Exact repetition of a range: find the line containing "Woolino 4 Season" and the line containing "Foviel Steel Tongue" in the material below, then repeat both and all lines between them, leaving pictures out.

DATASET EXCERPTS ::
____________________
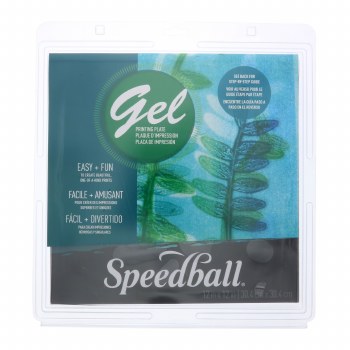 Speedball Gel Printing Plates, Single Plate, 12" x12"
____________________
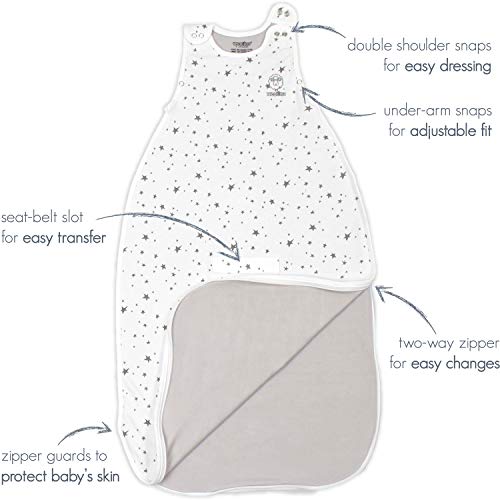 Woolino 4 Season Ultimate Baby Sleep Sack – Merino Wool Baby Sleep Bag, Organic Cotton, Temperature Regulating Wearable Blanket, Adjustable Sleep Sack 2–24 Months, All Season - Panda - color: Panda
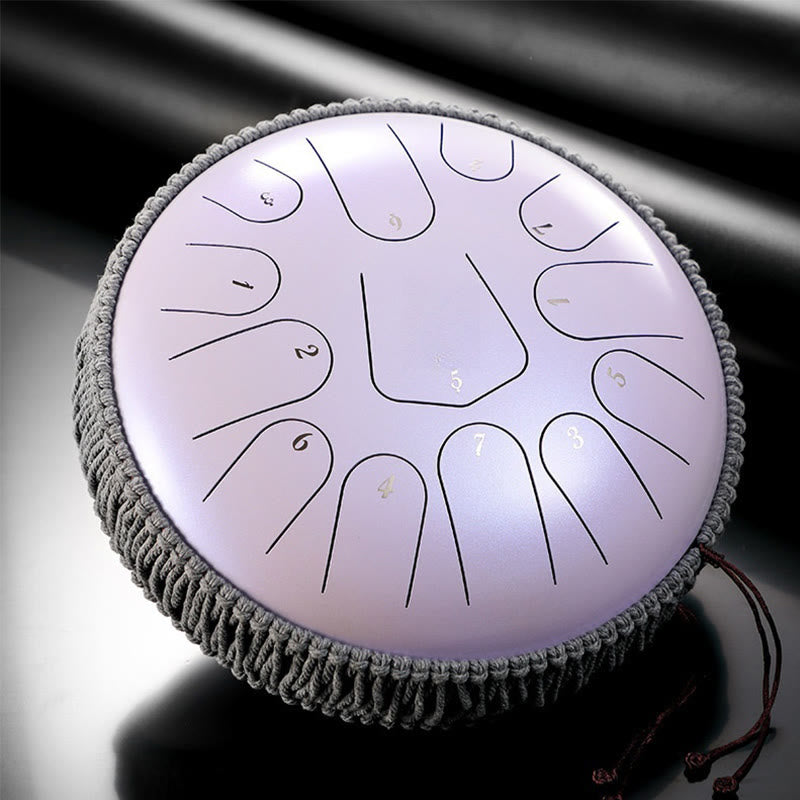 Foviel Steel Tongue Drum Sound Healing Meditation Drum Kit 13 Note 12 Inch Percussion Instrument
____________________
PROBLEM SOLUTION ::
 Woolino 4 Season Ultimate Baby Sleep Sack – Merino Wool Baby Sleep Bag, Organic Cotton, Temperature Regulating Wearable Blanket, Adjustable Sleep Sack 2–24 Months, All Season - Panda - color: Panda
 Foviel Steel Tongue Drum Sound Healing Meditation Drum Kit 13 Note 12 Inch Percussion Instrument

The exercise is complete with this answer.